「カメラを止めるな!」盗作騒動の法的な論点 大ヒット映画にかけられた著作権侵害疑惑
以上はあくまで法律の理論上の話です。低予算かつ無名キャストばかりの『カメラを止めるな!』がなぜここまでの評価を得ているかといえば、やはりなんといっても作品の構成・ストーリーが人々をあっと驚かせるような独創的で画期的なものだったからといえるでしょう。
この映画については、「とにかくネタバレ厳禁」という口コミが広がっていることが何よりの証拠と言えます。確かに、理屈としてはアイデアや構想、ストーリーそのものは法律では保護されないということになってしまうのですが、とはいえ心情としてはすんなりと納得できないことはよく理解できます。
法律では割り切れないクリエイターの思い
なお、一部には、「『カメラを止めるな!』が大ヒット作となったからタカろうとしているのでは?」という批判もあるようですが、和田氏が訴えている「クリエイターとして到底承服できない」という思いは素直に理解できますし、仮に金銭を得ることが目的であったとしても、そのことで批判されるいわれはないでしょう。
自分たちの作品に依拠した作品が大きな成功を遂げて多額の収益を上げていたら、少しでも分けてほしいと考えることは、人として自然な感情であると思います。
本件が法廷闘争に持ち込まれるかどうか現時点では定かではありません。
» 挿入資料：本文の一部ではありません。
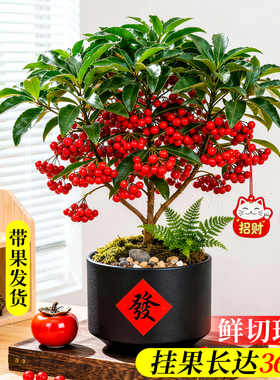 富贵籽阳台矮化带土果苗盆栽黄金万两绿植带红果植物罕见花卉客厅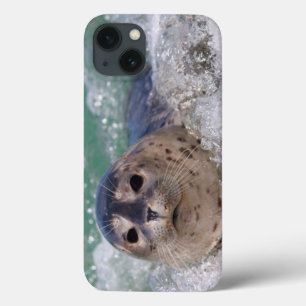 Funda Para iPhone 13 A baby seal surfing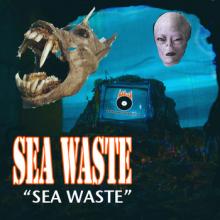 The SEA WASTE Saga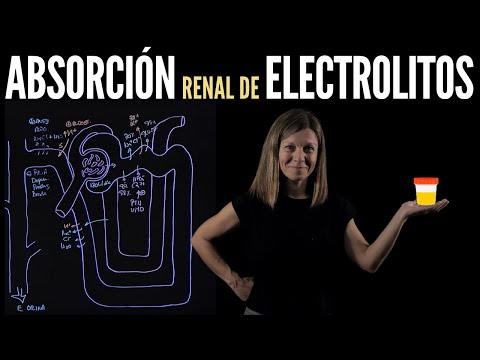 Video: En una nefrona, ¿nacl es devuelto al intersticio por?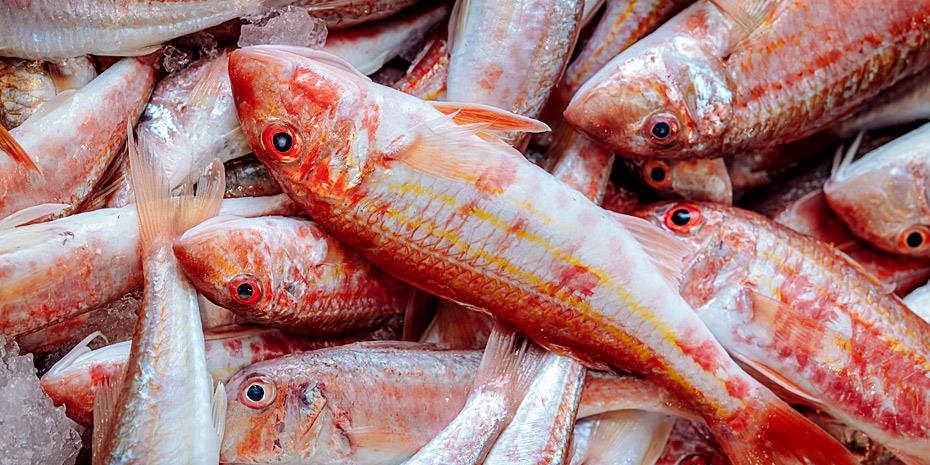 Χάος στα ευρωπαϊκά λιμάνια: Νέο ψηφιακό σύστημα μπλοκάρει τις εισαγωγές ψαριών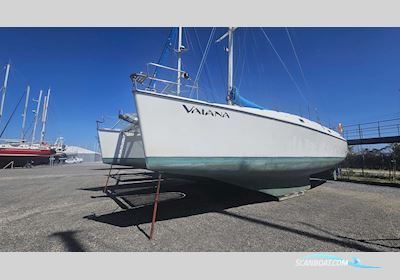 JEANTOT MARINE Privilege 14.70 Flerskrovsbåt 1988, med VOLVO motor, Frankrike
上田監督サイドが「これはあくまでアイデアを流用したものであって、著作権法上の権利侵害にはあたらない」として押し切るのか、それとも「舞台の脚本に依拠していることは事実だし、映画も大ヒットしているのだから、使用料を支払う」というかたちで和解を目指すのか。異例の大ヒット映画がどこまで興行収入を伸ばすのかということと同等に、今後の決着は注目を集めそうです。